Allerdings erleben die drei Expertinnen immer wieder, dass Umweltschutz in Gemeinden scheitert. Typischer Fehler: "Der Kirchenvorstand beschließt den Gockel, aber das Team bekommt keinen Rückhalt und steht am Ende im Regen da", zählt Auditorin Schröder-Rogalla auf. Pfarrerin Glaser weiß Abhilfe: "Es ist wichtig, dass jemand aus der Gemeindeleitung mit Entscheidungsbefugnis im Umweltteam ist." Das spare unnötige Kommunikationsschleifen und viel Frust. Dass der Gockel erstmal viel Arbeit macht, weiß auch Christina Mertens: "Das Ziel ist, die Pflicht am Ende nebenbei erledigen zu können und mehr Zeit für Lieblingsprojekte zu haben." Genau dafür biete das Umweltmanagement den Rahmen.
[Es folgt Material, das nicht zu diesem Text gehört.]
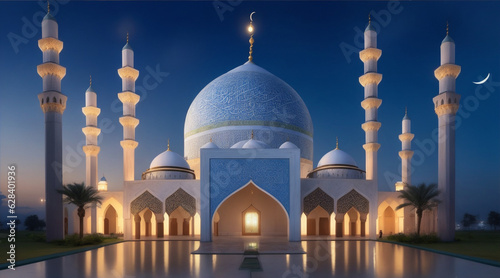 The beautiful serene mosque at day in the blessed month of Ramadan the illuminated. Generative AI.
Die Expertin im Landeskirchenamt stellt fest, dass in Sachen Klima "unfassbar viel in Bewegung" ist. Weil die Landeskirche ihren Beschluss, bis 2035 klimaneutral zu sein, auch mit einem Klimagesetz hinterlegen wird, steige zunehmend die mittlere Ebene ins Umweltschutzmanagement ein. Nach dem Münchner Süden bekommt bereits am 17. November mit Schweinfurt der zweite evangelische Dekanatsbezirk der Landeskirche seine Gockel-Plakette. Die Unterfranken wollen ihre Räume bis 2035 klimaneutral betreiben und so viele Photovoltaik-Anlagen wie möglich auf den Dächern im Dekanat installieren, sagte Umweltbeauftragter Heiko Kuschel auf epd-Anfrage. Im oberfränkischen Dekanat Wunsiedel haben von 2020 bis 2022 zwölf von 16 Gemeinden das kirchliche Energiemanagement "Sparflamme" absolviert.

Das Dekanat Regensburg wiederum konzentriert sich voll auf die Heizungen. "In einer Gemeinde in einem Jahr von 40 Tonnen CO2 auf Null zu kommen, ist möglich", wirbt Dekanatsklimaschutzbeauftragter Roland Thürmel. Den Weg dorthin ebne man mit einer Honorarkraft fürs "Grüne Datenkonto" und Experten der Energieagentur, die Gebäude prüfen und Empfehlungen für Kirchenvorstände ausarbeiten - samt Tipps für staatliche Fördermöglichkeiten.

Allen Unentschlossenen macht Christina Mertens Mut. Die kirchliche Umweltarbeit sei bayernweit vernetzt. Man müsse das Rad nicht neu erfinden, sondern könne von vielen Ideen profitieren. "Es macht einfach Spaß zu sehen, was man dabei erreichen kann", sagt die Expertin.